3. Tan-Luxe Wonder Oil ($63; tan-luxe.com).
4. Chanel UV Essentiel Anti-Pollution Broad Spectrum S.P.F. 30 ($55; chanel.com).
5. Neutrogena Hydro Boost Water Gel Lotion Sunscreen Broad Spectrum S.P.F. 50 ($11; walmart.com).
6. Supergoop! Unseen Sunscreen Broad Spectrum S.P.F. 40 ($32; nordstrom.com).
7. Vita Liberta Advanced Organics Invisi Foaming Tan Water ($39, ulta.com).
8. La Roche-Posay Anthelios Sport Sunscreen SPF 60 ($30, laroche-posay.us).
9. Soleil Toujours Organic Set Protect Micro Mist SPF 30 ($36, soleiltoujours.com).
10. James Read BB Tan Pen ($30, revolve.com).

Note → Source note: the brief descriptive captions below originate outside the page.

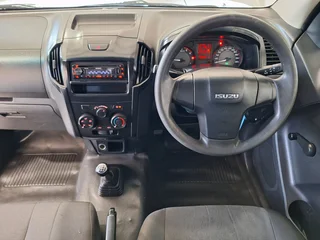 2020 Isuzu D-Max 250 HO Fleetside (safety), White with 168500km available now!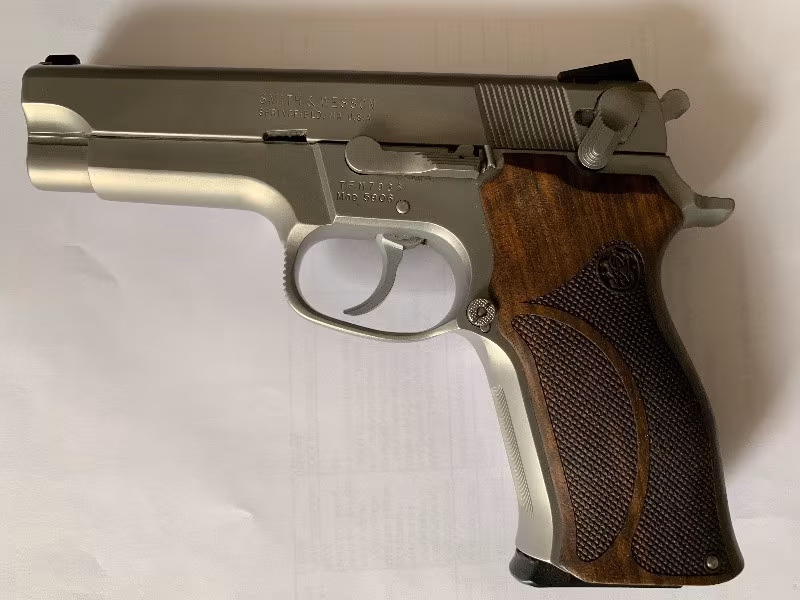TERTEMİZ SMITH&WESSON 5906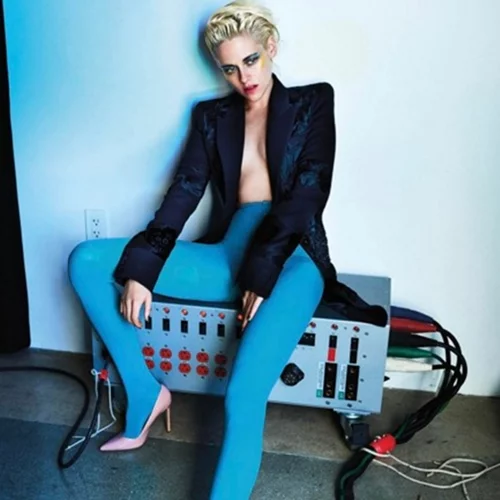 Kristen Stewart: Εντυπωσιακή στο εξώφυλλο του περιοδικού “V”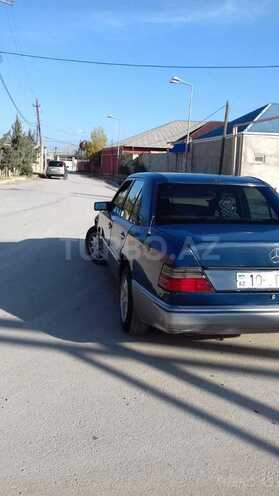 Mercedes E 250 1990, 452,689 km - 2.5 l - Bakı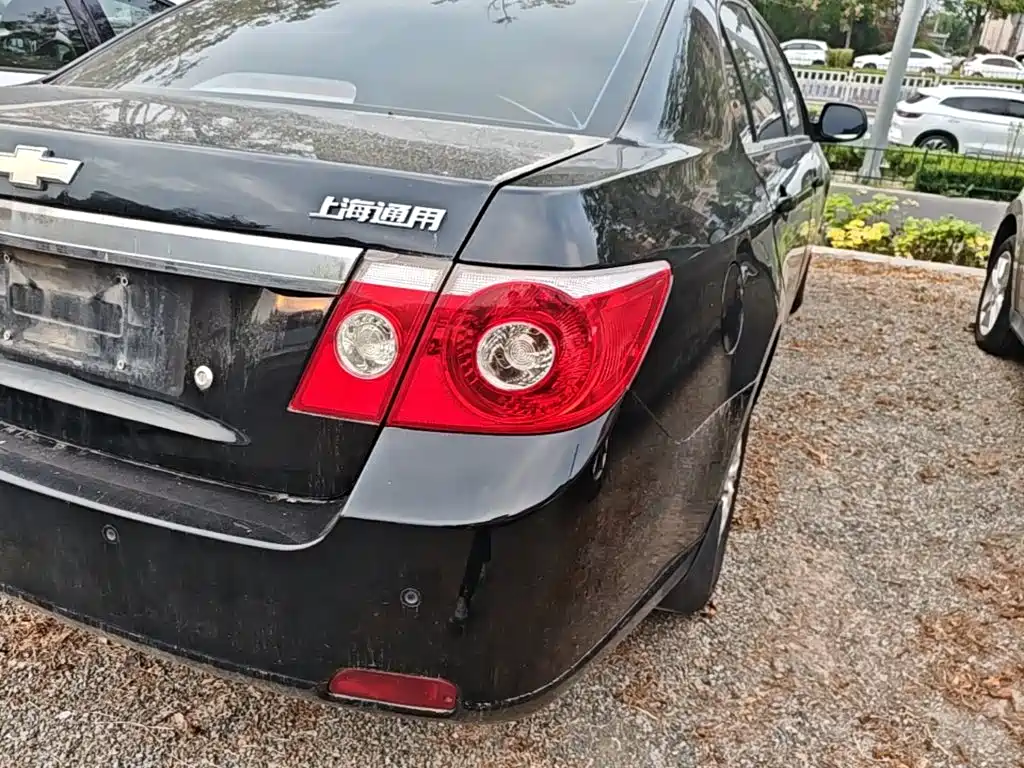 Chevrolet Epica — миниатюра 8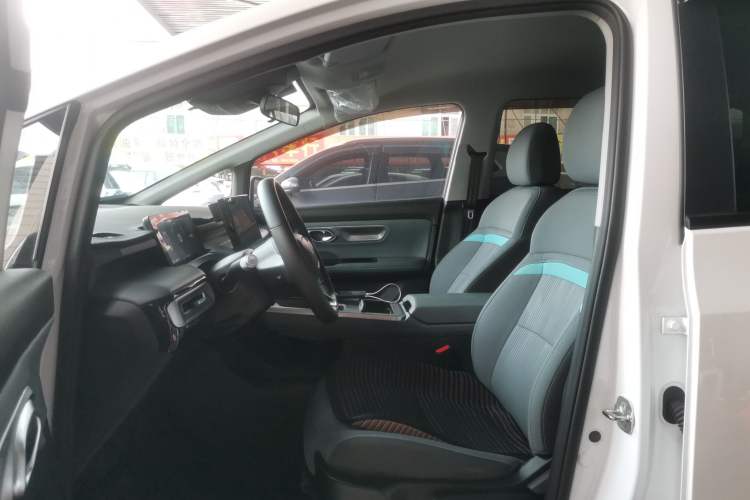 Used AION Y 2023 Plus 510 Enjoy Edition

In case you didn’t know, broad-spectrum refers to U.V.A. blocking, and S.P.F. relates to sunscreen’s U.V.B. blocking abilities only, so both factors must be present in a sunblock. And no, layering S.P.F. 20 and S.P.F. 30 does not equal to S.P.F. 50. When laying out in the sun, a lotion that’s at least S.P.F. 30 to 50 with zinc oxide with reapplication on the hour is advised by all doctors. “Spray-on” sunblocks maybe are best to use as a touch-up application.
However, doctors have the remedy when in need. From various laser treatments, such as Fraxel, Clear and Brilliant, to promote collagen growth and treat brown sun spots. There’s also V-Beam to remove the extra blood vessels and Aerolase that can improve irregular pigmentation. At home, prescriptions may include retinoids, vitamin C, and antioxidant creams. But still, treatments can get costly, so do the right thing and get made in the shade.